Frequently asked questions (FAQ) for hypervolume R package
Blonder, B., Lamanna, C., Violle, C. and Enquist, B. J. (2014), The n-dimensional hypervolume. Global Ecology and Biogeography, 23: 595 - 609. doi: 10.1111/geb.12146
Benjamin Blonder - email@example.com
How do I get started?
Why does the hypervolume appear to be be made of points? The algorithm computes a stochastic description of a hypervolume obtained through a 'dart-throwing' procedure. Imagine throwing darts, uniformly at random, at an unknown target. Suppose that you can determine which darts hit, and which miss. Eventually you will obtain a random set of points which you know are 'in' the target. As the number of darts increases, your ability to resolve the true shape increases. The hypervolume algorithm effectively plays this dart-throwing game using an importance-sampling algorithm to reduce the probability of misses. The @RandomUniformPointsThresholded slot of the Hypervolume object contains these uniformly random points.

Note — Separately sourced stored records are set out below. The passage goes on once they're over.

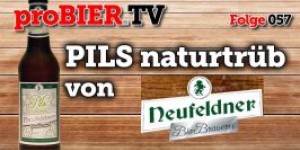 Beitragsbild des Blogbeitrags proBIER.TV – Pils von Neufeldner | #057 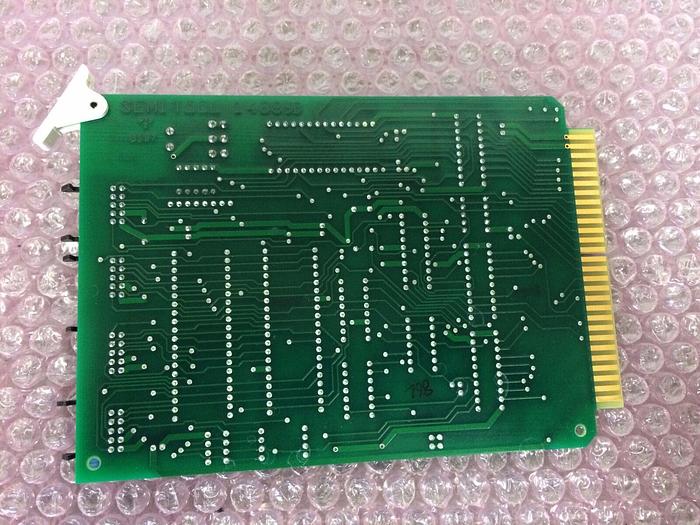 Used SEMITOOL 14889-01 ANALOG CONTROL BOARD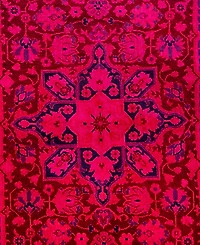 Adorn Hand Woven Rugs Fine Vibrance M1183 4' 3" x 6' 2" Area Rug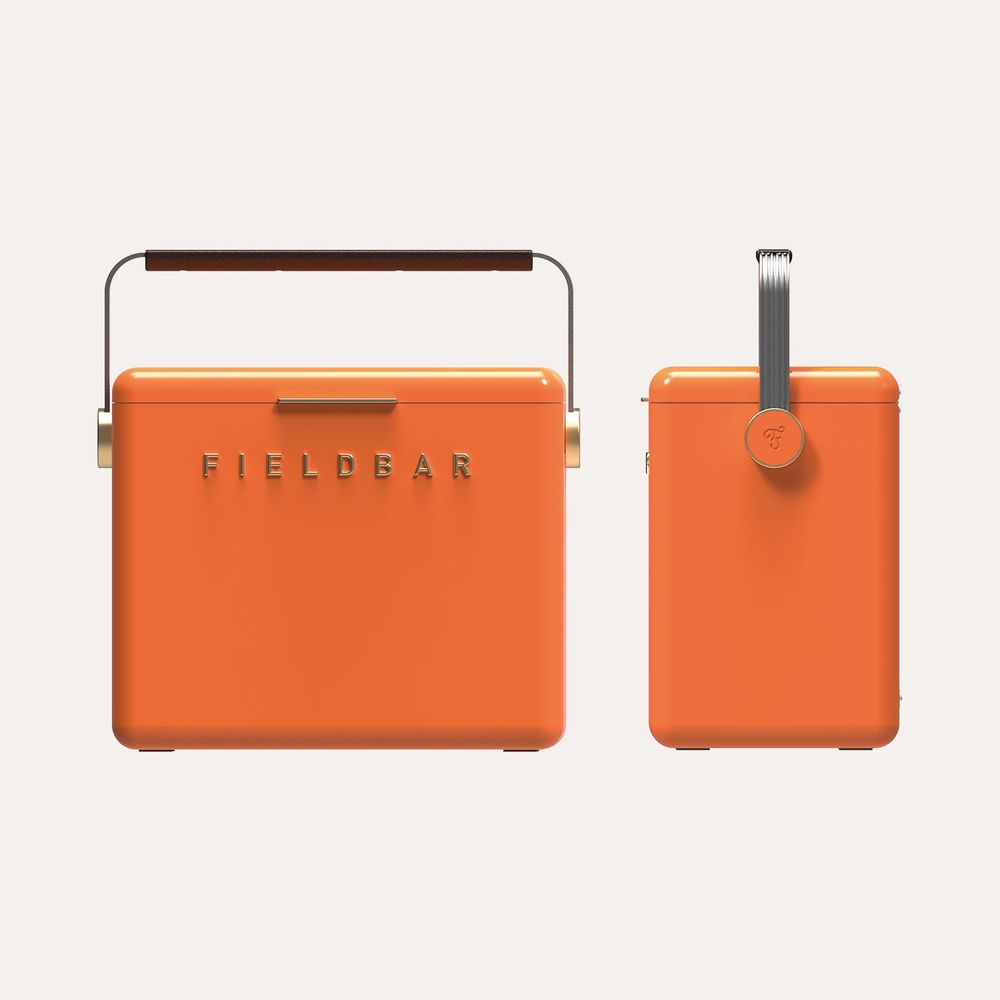 Outdoor decorative accessories - FIELDBAR Gin Trunk - FIELDBAR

Why do some parts of the hypervolume appear to have higher point density? This is because each pairplot is a projection of a high-dimensional object to two dimensions - so `thicker' regions of the object will effectively show more points.
What does the repsperpoint argument in hypervolume do? This parameter determines the number of random points used per data point to constitute the final hypervolume. Larger values of the parameter lead to more points in the @RandomUniformPointsThresholded slot and higher resolution of the final shape. This parameter is important when later performing set operations, as the accuracy of intersections / unions is proportional to the density of random points in the input hypervolumes. The default parameters should usually provide good performance, but higher values will reduce the rate of false negatives in set operations (failure to find an intersection when it existed).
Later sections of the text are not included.